• **What is needed**
The entries below contain a line with "Audi A6 allroad" and a line with "Short-Stop-Adapter-Body_.jpg". Quote exactly those two lines and all lines between them.

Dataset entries
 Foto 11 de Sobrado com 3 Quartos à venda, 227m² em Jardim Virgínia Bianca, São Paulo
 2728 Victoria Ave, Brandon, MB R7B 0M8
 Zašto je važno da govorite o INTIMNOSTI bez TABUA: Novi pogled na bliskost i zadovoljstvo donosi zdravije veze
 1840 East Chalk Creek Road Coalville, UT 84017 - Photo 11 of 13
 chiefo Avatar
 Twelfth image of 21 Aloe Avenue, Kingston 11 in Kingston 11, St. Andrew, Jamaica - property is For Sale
---
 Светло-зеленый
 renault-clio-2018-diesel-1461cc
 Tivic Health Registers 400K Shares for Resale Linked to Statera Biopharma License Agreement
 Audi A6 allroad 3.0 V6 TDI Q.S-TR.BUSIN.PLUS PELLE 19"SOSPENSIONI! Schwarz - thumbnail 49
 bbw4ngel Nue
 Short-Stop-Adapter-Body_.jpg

• **Answer for this exercise**
 Audi A6 allroad 3.0 V6 TDI Q.S-TR.BUSIN.PLUS PELLE 19"SOSPENSIONI! Schwarz - thumbnail 49
 bbw4ngel Nue
 Short-Stop-Adapter-Body_.jpg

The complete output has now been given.